1. By injecting the most cash in three years in open-market operations, China is using various tools to ensure ample liquidity without cutting banks' reserve requirement ratios (RRR), according to a UBS economist. The People's Bank of China (PBOC), the country's central bank, plans to use a variety of facilities rather than RRR cuts to ensure liquidity and stable short-term rates in the near term, UBS economist Wang Tao said in a research note. Liquidity conditions often tighten ahead of the week-long Chinese Lunar New Year holiday, which falls on Feb. 8, and the central bank usually injects large amounts of cash into the money market to keep interest rates steady.
2. Chinese brokerage firms posted big profits in 2015 boosted by easing measures from policymakers, according to the Securities Association of China (SAC).

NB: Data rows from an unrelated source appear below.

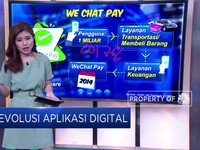 Revolusi Aplikasi Jadi Bank Digital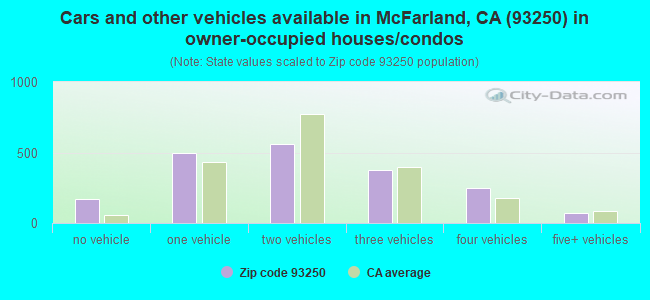 Cars and other vehicles available in McFarland, CA (93250) in owner-occupied houses/condos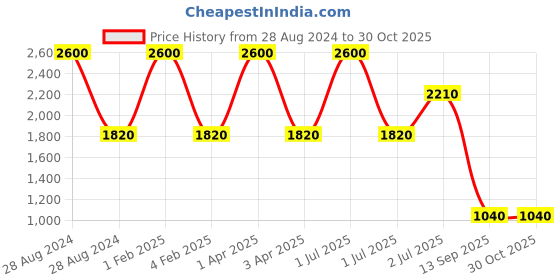myntra.com STUDIOACTIV Mock Collar Sporty Jacket studioactiv Price History Graph from 28 Aug 2024 to 29 Oct 2025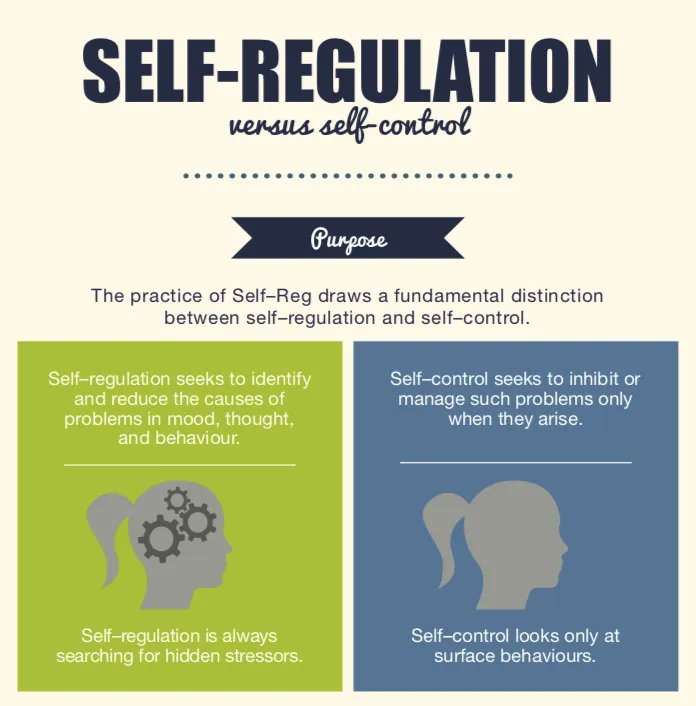 Self_Reg's tweet photo. Self-regulation &amp; self-control are often used interchangeably, but we know they are NOT the same thing at all. #SelfReg makes self-control possible, not the other way around. 

Learn more about the differences between Self-Reg &amp; self-control here: https://t.co/axIB2U1SNd https://t.co/YDj7brUpVK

Combined net profits of 125 brokerage firms totaled 244.76 billion yuan (36.97 billion U.S. dollars) in 2015, said the SAC. In 2014, the combined net profits of 120 brokerage firms stood at 96.55 billion yuan, SAC data showed. The aggregate revenues of 125 brokerages hit 575.16 billion yuan in 2015, compared with 260.28 billion yuan posted by 120 brokerages in 2014. The benchmark Shanghai Composite Index gained 9.4 percent in 2015 despite wild fluctuations in the summer.
3. Chinese banks' loans to small businesses increased last year as government policy continued to support such firms to generate jobs and growth, the central bank said on Friday. Outstanding loans extended to small businesses in China rose by 13.9 percent year on year to 17.39 trillion yuan (2.6 trillion U.S. dollars), according to the People's Bank of China (PBOC). The pace was 2.7 and 5.3 percentage points higher than the growth rate of loans received last year by large- and mid-sized businesses. The loans to small businesses accounted for 31.2 percent of China's total loans to enterprises in 2015, up 0.8 percentage points from 2014, the PBOC said.